◆ PROBLEM
Reproduce the line with "Two mice in kitchen cupboard looking for food" and everything after it in the listing below, exactly, both ends included. No pictures.

[Start of Attachment]

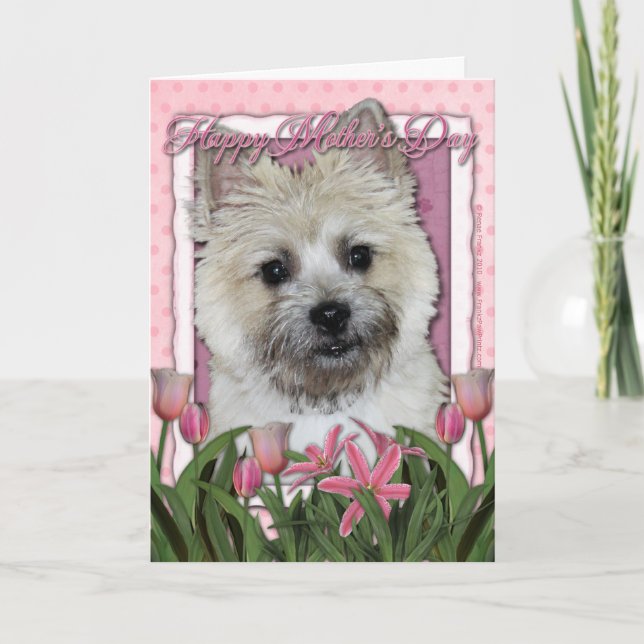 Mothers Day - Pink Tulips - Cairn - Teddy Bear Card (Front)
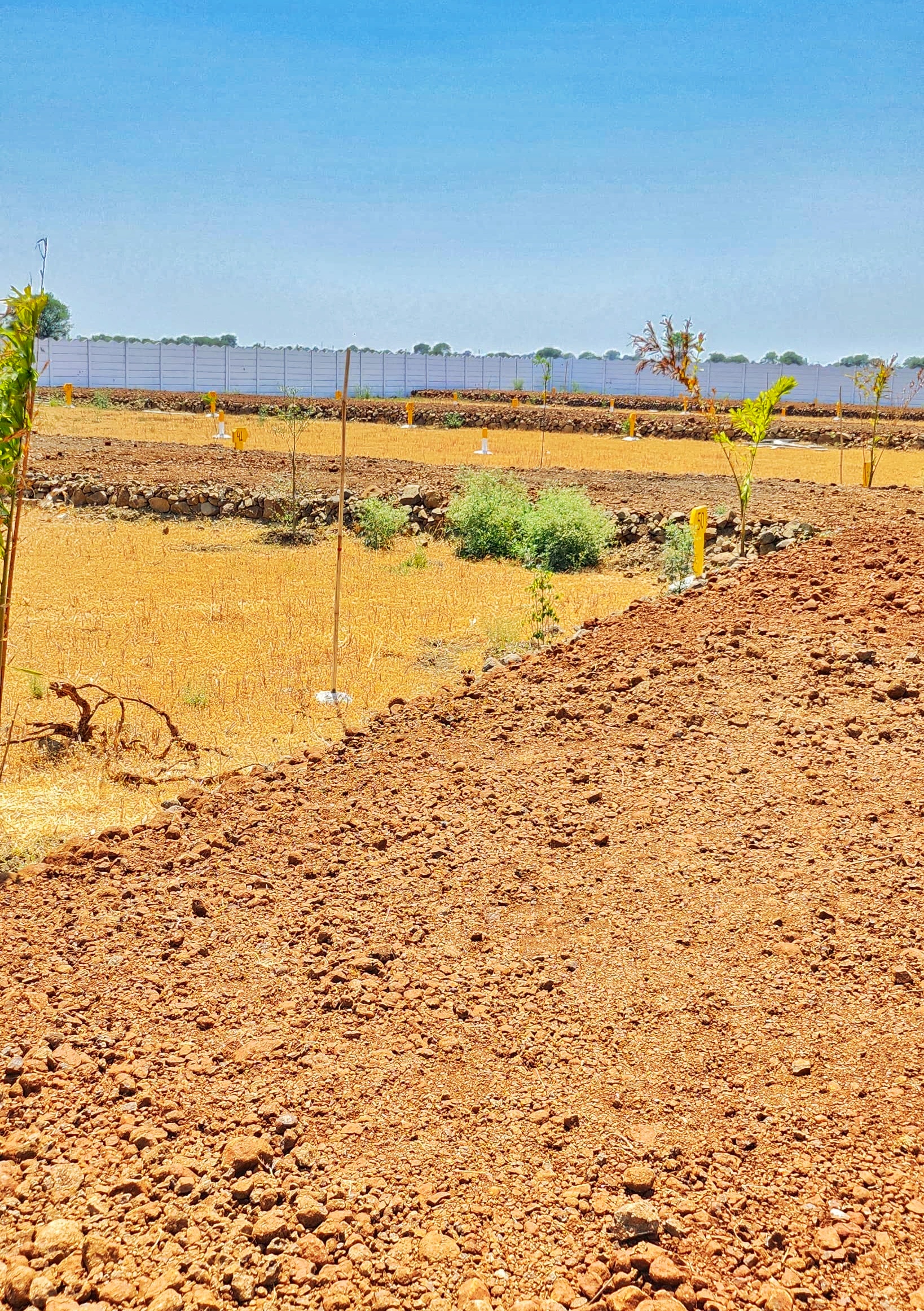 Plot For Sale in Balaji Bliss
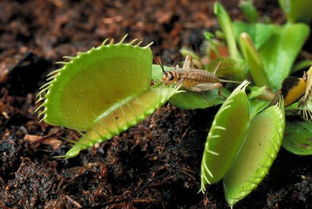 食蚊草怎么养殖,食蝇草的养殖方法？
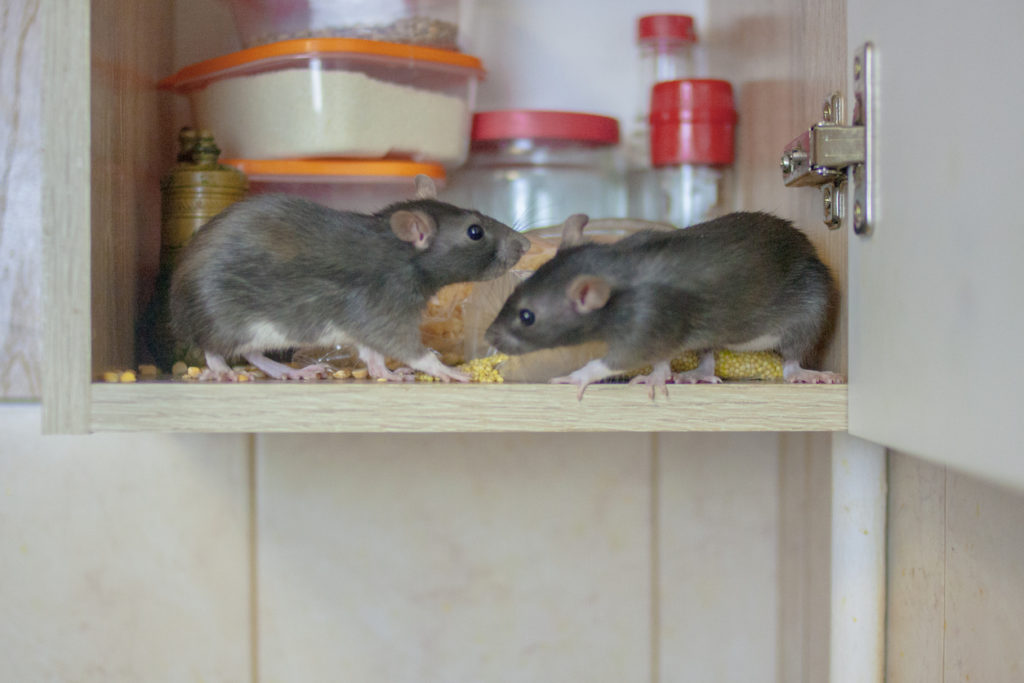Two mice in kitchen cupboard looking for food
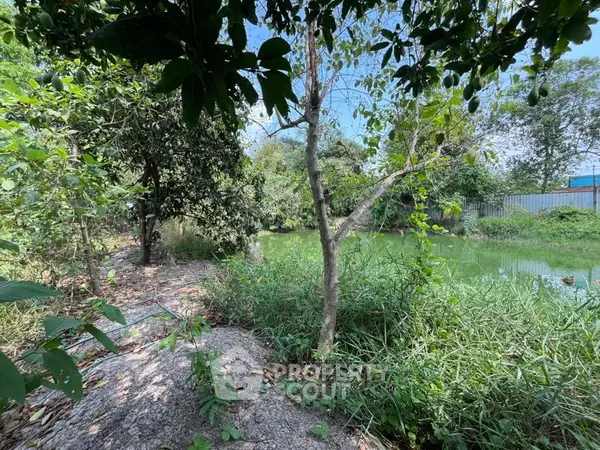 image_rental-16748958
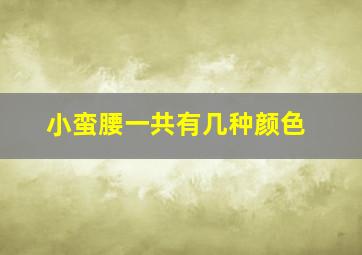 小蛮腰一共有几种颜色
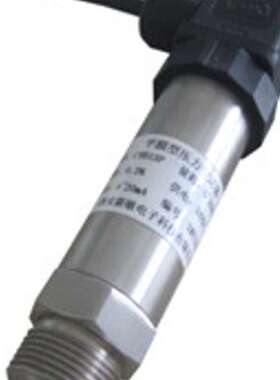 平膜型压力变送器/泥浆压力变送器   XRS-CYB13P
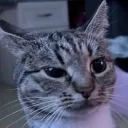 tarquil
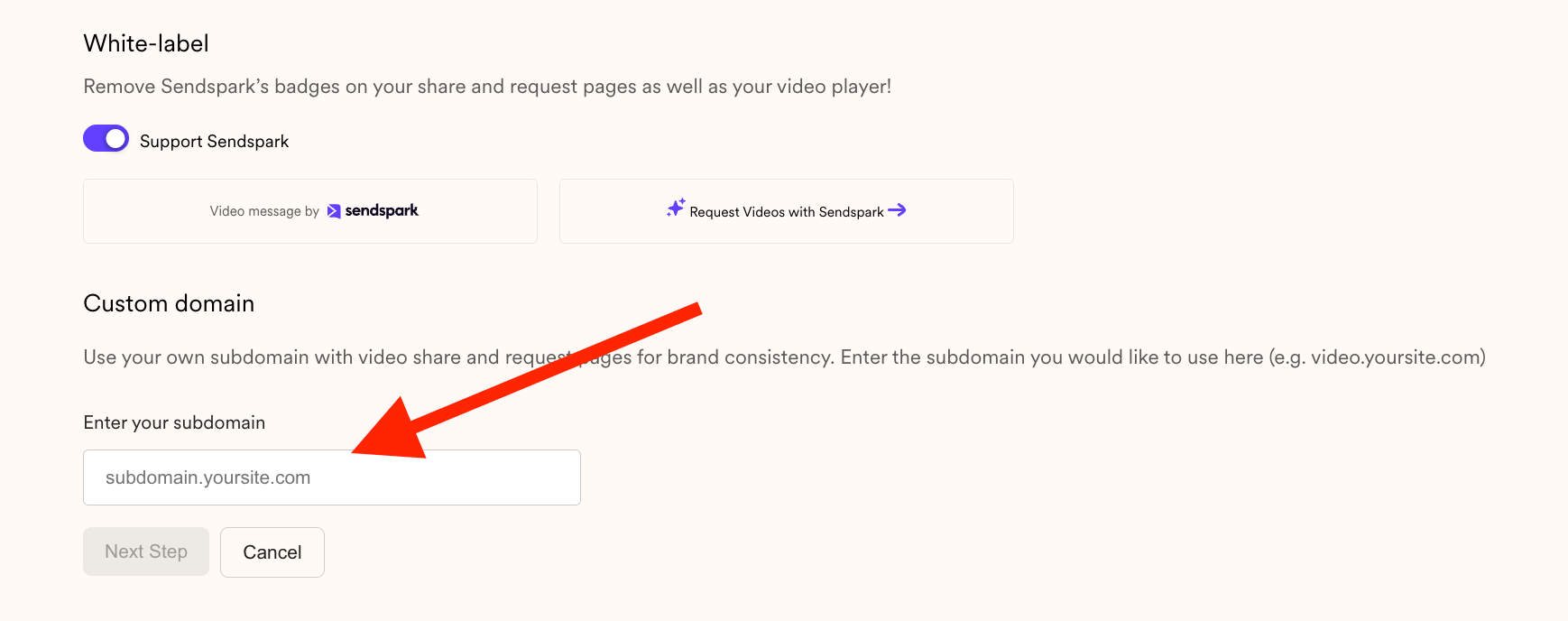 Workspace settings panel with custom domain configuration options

[End of Attachment]

◆ SOLUTION TO THE PROBLEM
Two mice in kitchen cupboard looking for food
 image_rental-16748958
 小蛮腰一共有几种颜色
 平膜型压力变送器/泥浆压力变送器   XRS-CYB13P
 tarquil
 Workspace settings panel with custom domain configuration options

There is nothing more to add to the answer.